Over the last week, we have witnessed gruesome acts of child abuse. One of these is the attack on young Jinayah whose flesh was eaten by her 24-year-old father. The others are however less glaring forms of child abuse. They are the types of abuse that are committed indirectly by the State (the Government and all of its citizens) via its lack of proper legislation to protect children, inefficient public sector, as well as its blatant, wanton neglect of specific communities in this country.
This is known as "structural violence", which refers to the ways in which the policies, institutions, cultural values, beliefs and laws in a country contribute to personal suffering of individuals.

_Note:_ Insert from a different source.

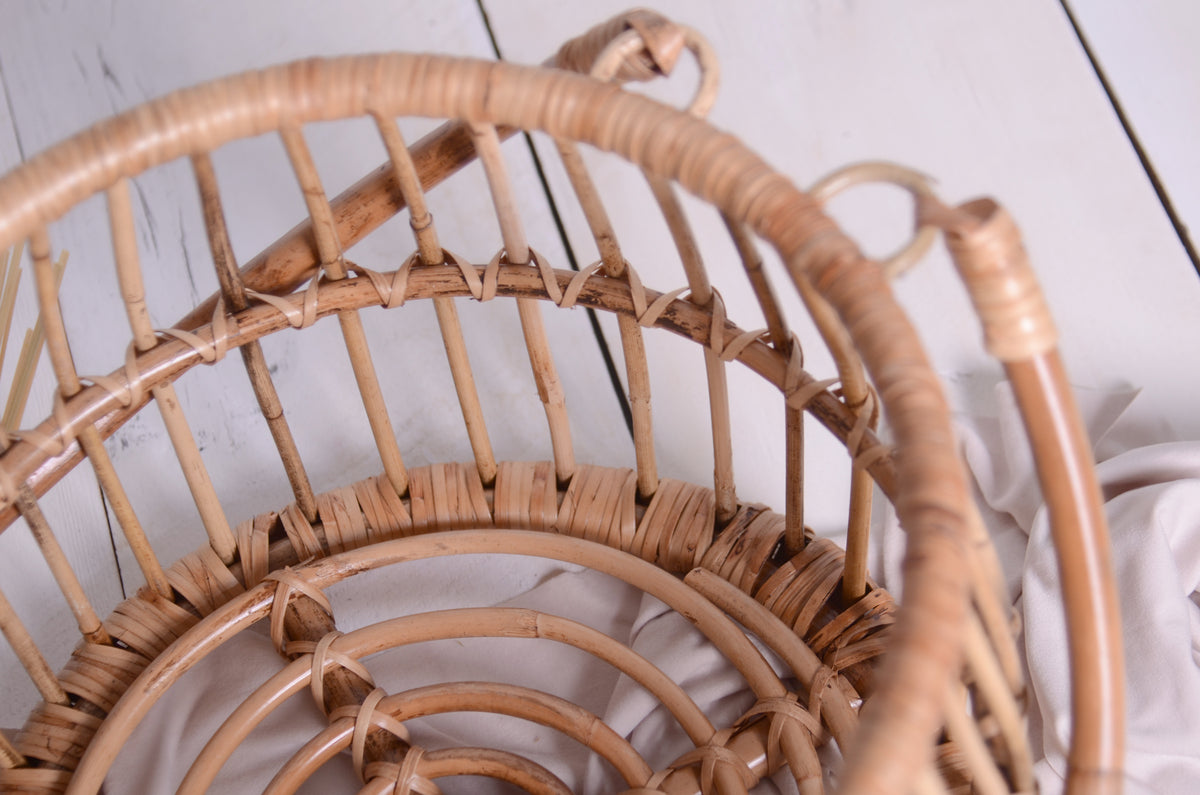  A detailed shot of the rattan basket’s curves and textures, paired with soft fabric for a cozy, organic newborn session.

When a three-year-old falls from the third floor of her Maloney apartment building due to her home's poor infrastructure and neglect by the State, this is one form of structural violence. When a 14-day-old baby dies, allegedly due to blunt force trauma, and the only person who can be held accountable is her 16-year-old mother, we must all, to some extent, be held accountable. This is another form of structural violence. The question always remains: what precisely occurred when this young mother, as a pregnant teenager, encountered public officials?
Where is the proper children's legislation to treat with cases such as this? We have sat year after year, debating about children's legislation in this country and seem to be at the mercy of the leaders who lack the political will to not only proclaim the relevant pieces of legislation but to adequately staff and finance the ministries responsible for execution.

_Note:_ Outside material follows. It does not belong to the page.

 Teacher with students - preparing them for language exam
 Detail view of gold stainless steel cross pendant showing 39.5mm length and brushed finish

In addition to blaming parents with mental health problems, poor parenting skills and questionable disciplinary measures, it is time for us to hold the State responsible as well; it is we (the Government, Public Service and community members) who are largely to blame. How many of us have sat idly by when we have heard the screams of children being physically abused in our society? Physical abuse is often thought to be reserved for the private domain of families but, indeed, it is a public concern and should be everyone's business.
When will the State adequately staff the social services, so there no longer will be overworked social workers who cannot attend to the needs of this populace? How long will the State drag its feet on children's legislation? How long will we allow the State to prolong this process due to our own apathy and silence? We are all to blame. As Ella Andall says, a nation should be ashamed when it cannot protect its children. Shame on all of us!